* _Requirement_
Copy exactly. Include the line containing "Toyota arka tampon Arn-1065", every line after it, and the last line below, but no pictures.

* _Data supplied_

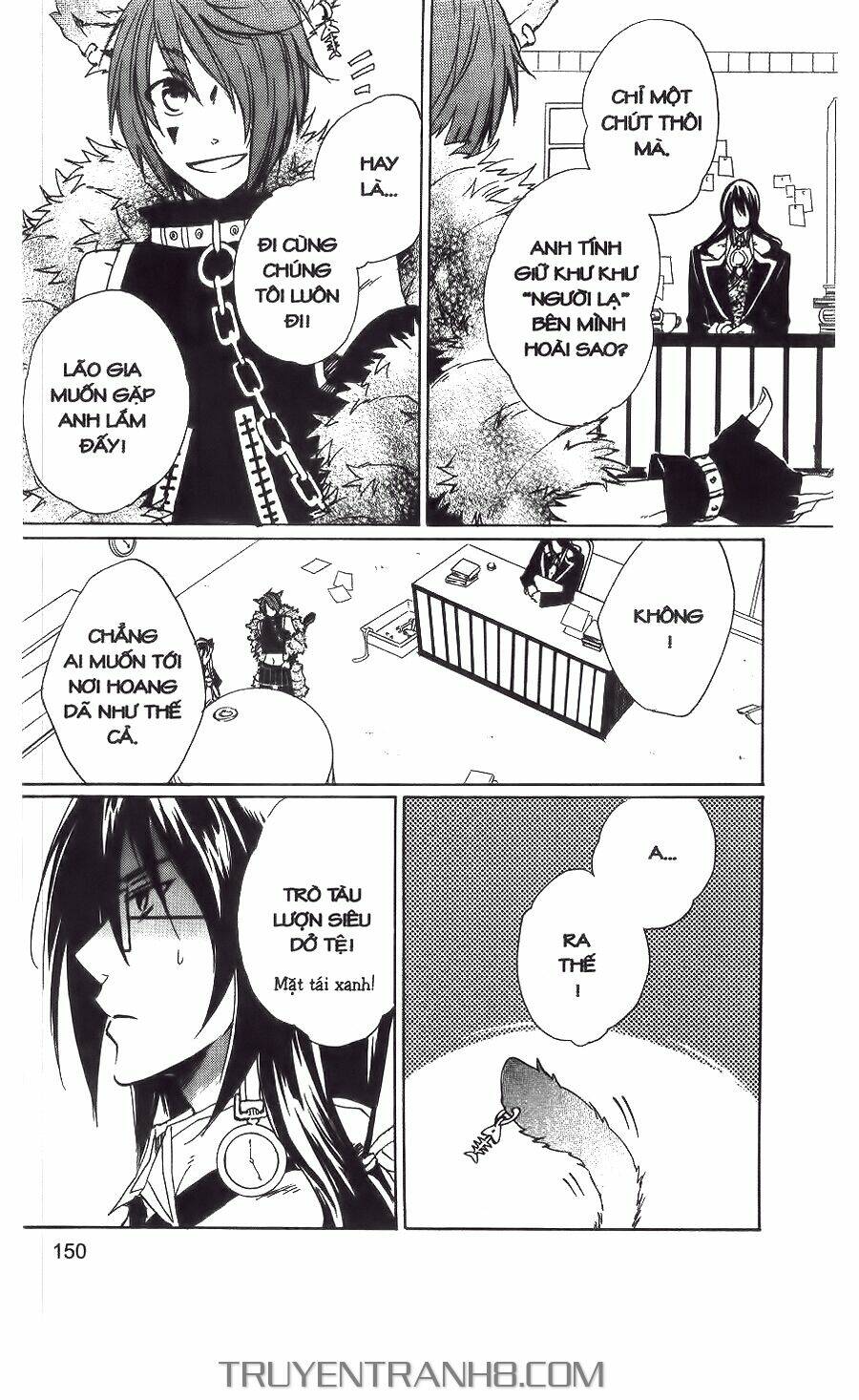 alice lạc vào xứ sở trái tim chapter 5 5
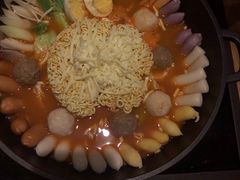 -真熙家烤肉料理(湛江万达店)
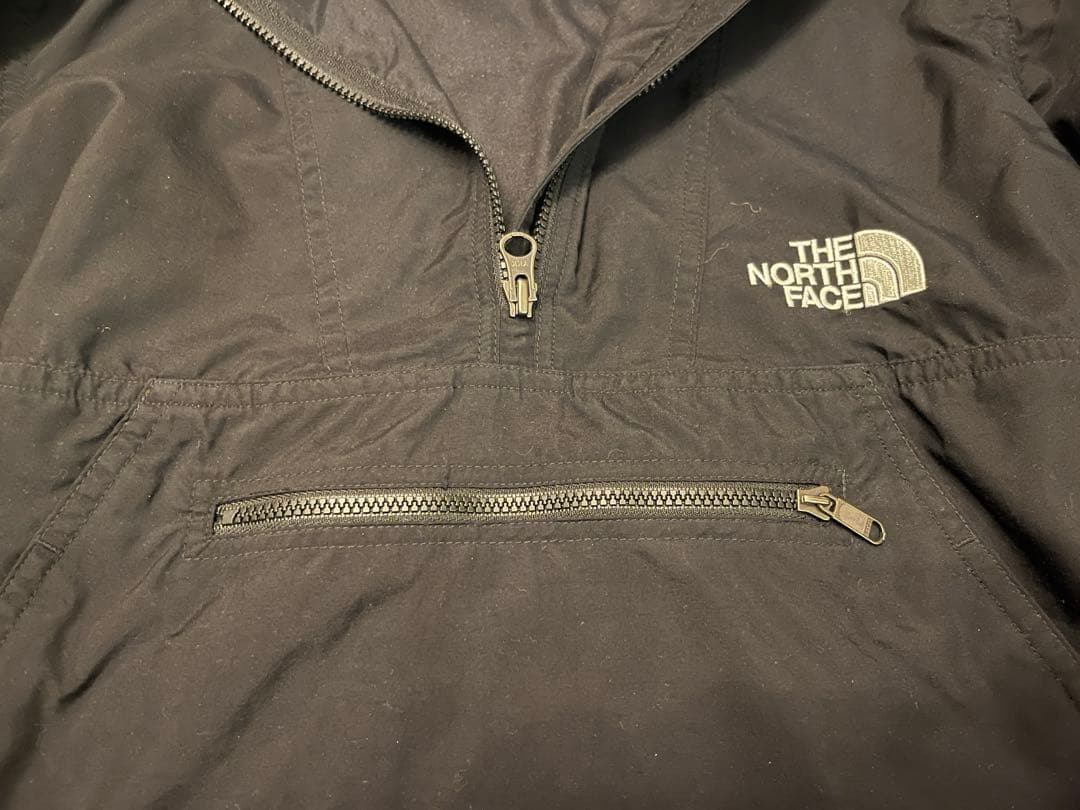 値下げ！【美品】THE NORTH FACE コンパクトジャケット アノラック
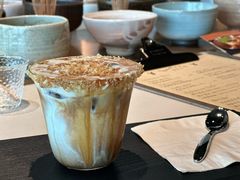 -luutosa  cafe & tea 鹿兔山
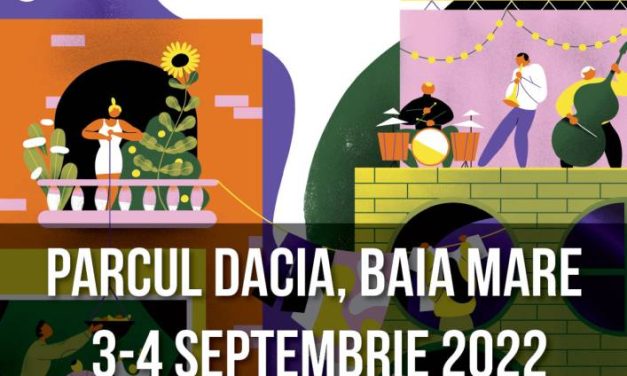 Baia Mare lansează seria evenimentelor manifest Street Delivery 2022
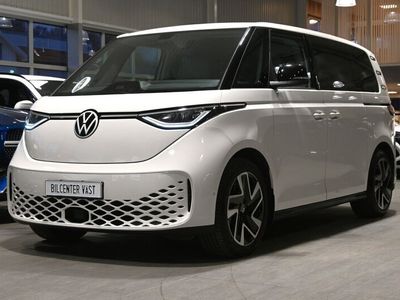 VW ID. Buzz
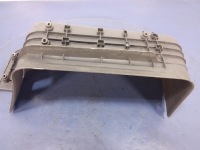 фото thumb №4, Ducato jumper 06-14 підніжка кабіни правий 130589207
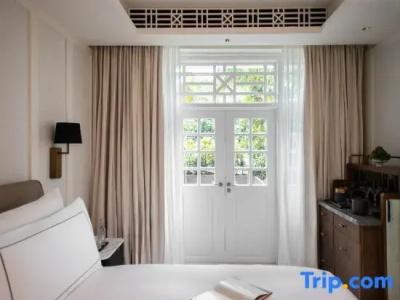 Fort Canning - 51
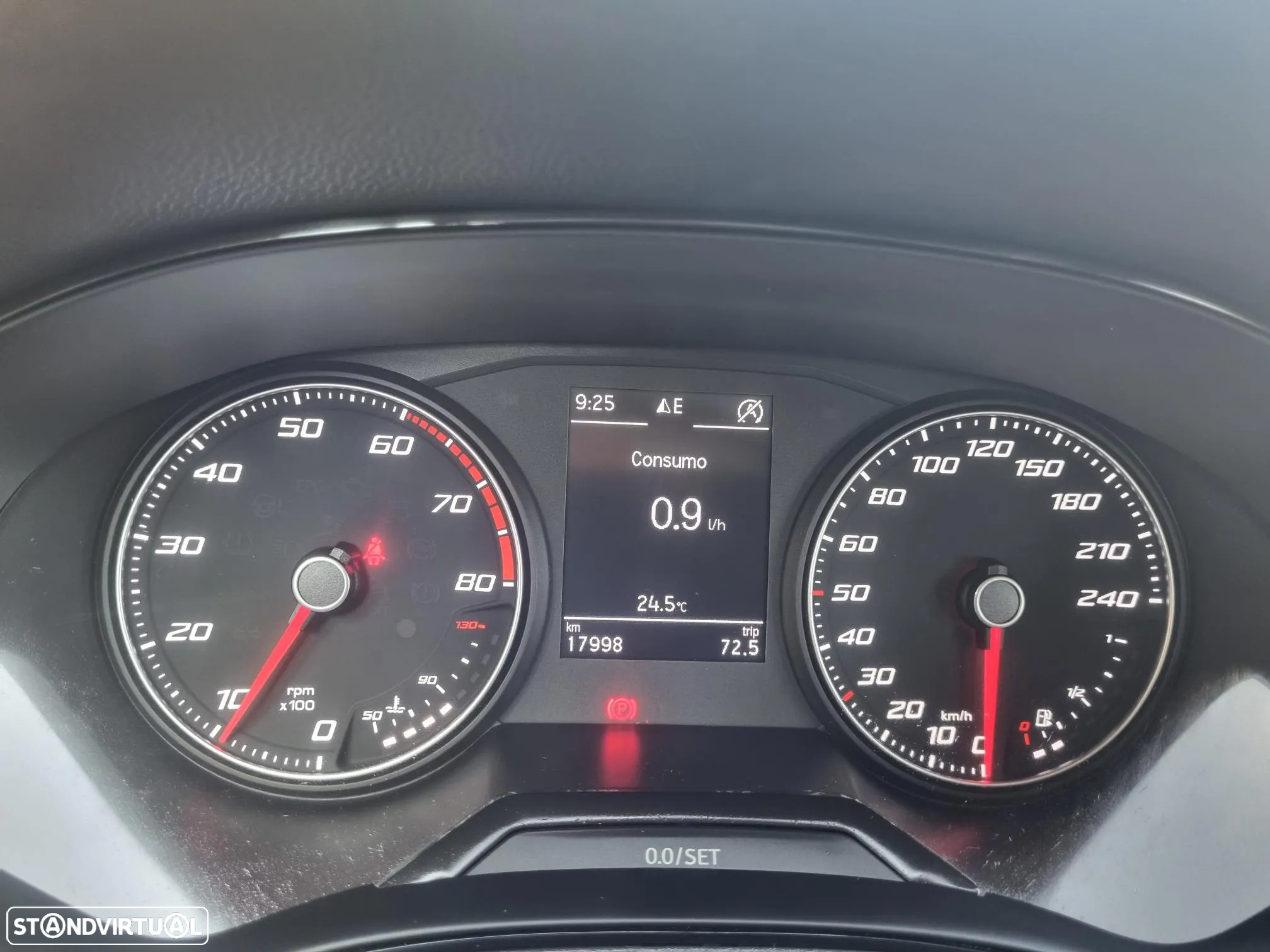 SEAT Arona 1.0 TSI Style - 9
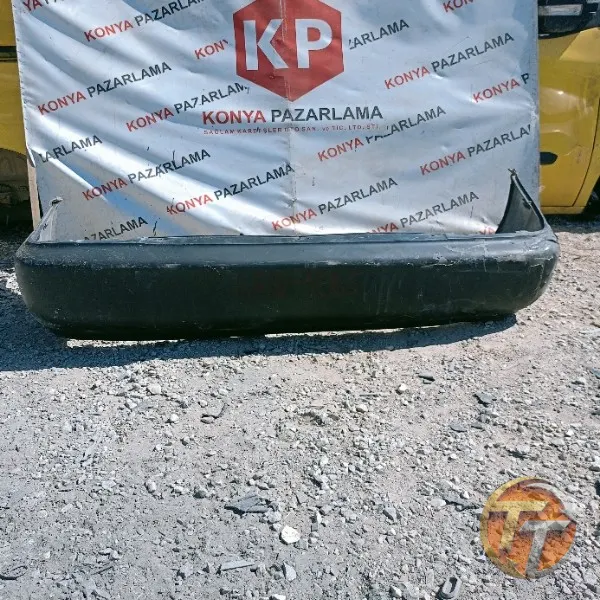 Toyota arka tampon Arn-1065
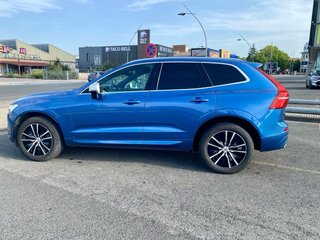 Volvo XC60 2018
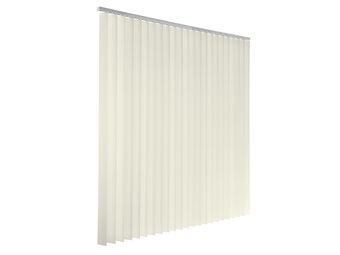 Verticale jaloezie Bece | Taupe 15404
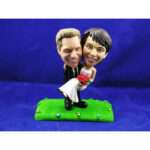 Bild von   d comicfigur vom foto auf djpg | Individuelle 🎁 persönliche 🎁 personalisierte Geschenke bedruckt ▪ bestickt ▪ graviert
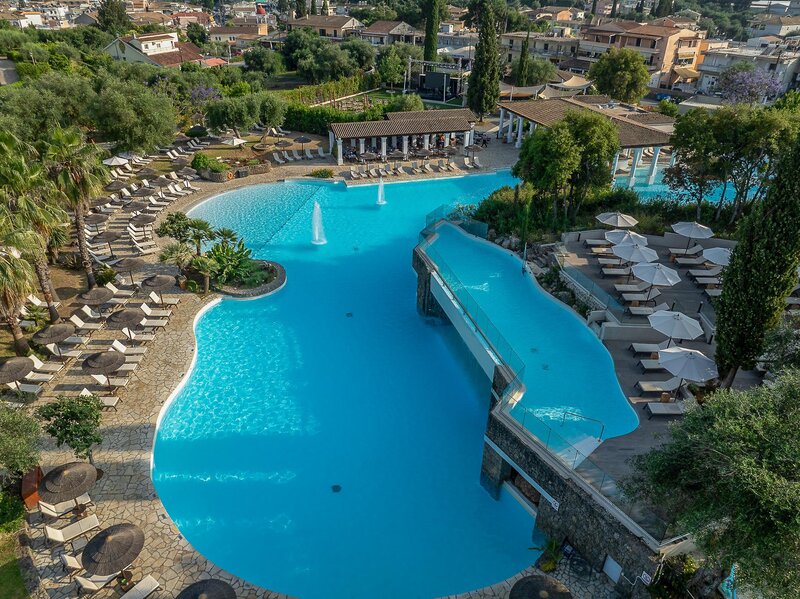 Louis Corcyra Beach 82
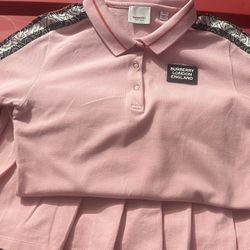 Girl’s Burberry Dress Youth (14)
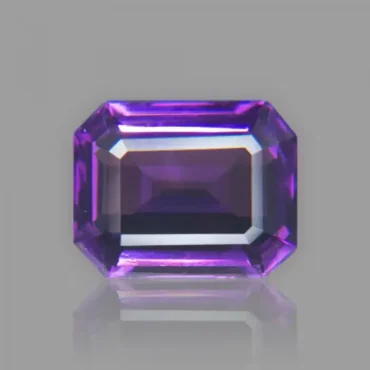 Amethyst - 7.64 Carat
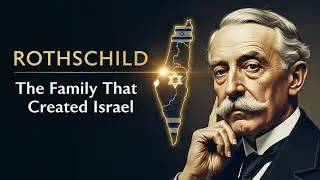 Rothschild: The Family That Created Israel? | The Truth Behind the Claim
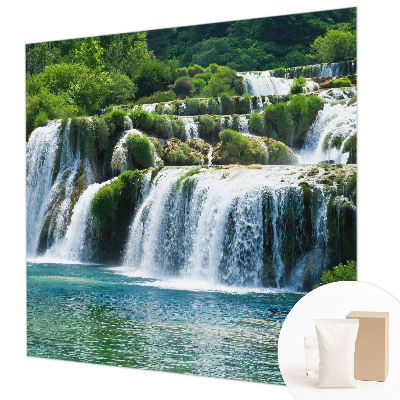 Fototapet efter mål Naturlig harmoni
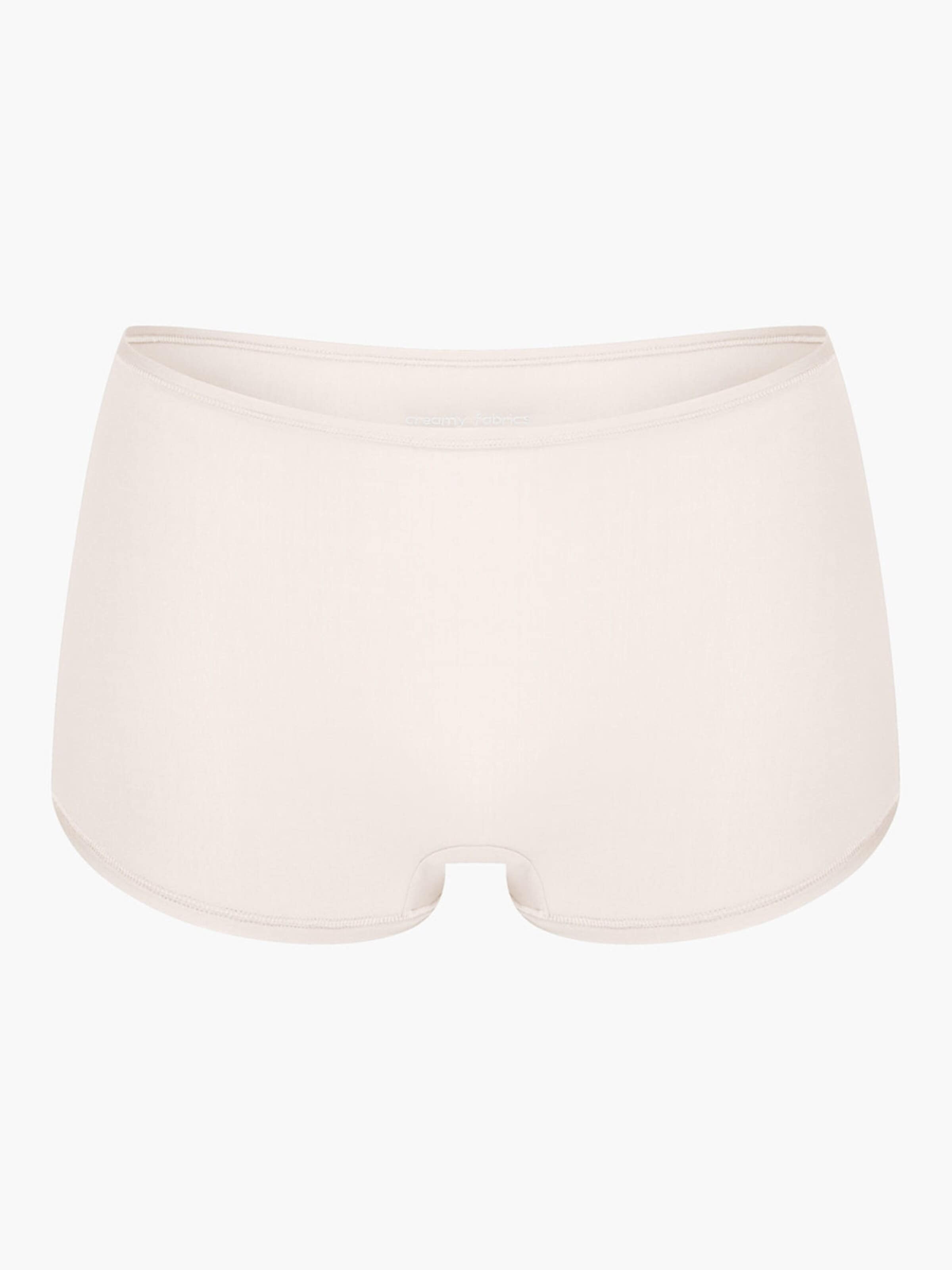 cfab Hipster 'Hipster Pant' i beige: framsida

* _Result_
 Toyota arka tampon Arn-1065
 Volvo XC60 2018
 Verticale jaloezie Bece | Taupe 15404
 Bild von   d comicfigur vom foto auf djpg | Individuelle 🎁 persönliche 🎁 personalisierte Geschenke bedruckt ▪ bestickt ▪ graviert
 Louis Corcyra Beach 82
 Girl’s Burberry Dress Youth (14)
 Amethyst - 7.64 Carat
 Rothschild: The Family That Created Israel? | The Truth Behind the Claim
 Fototapet efter mål Naturlig harmoni
 cfab Hipster 'Hipster Pant' i beige: framsida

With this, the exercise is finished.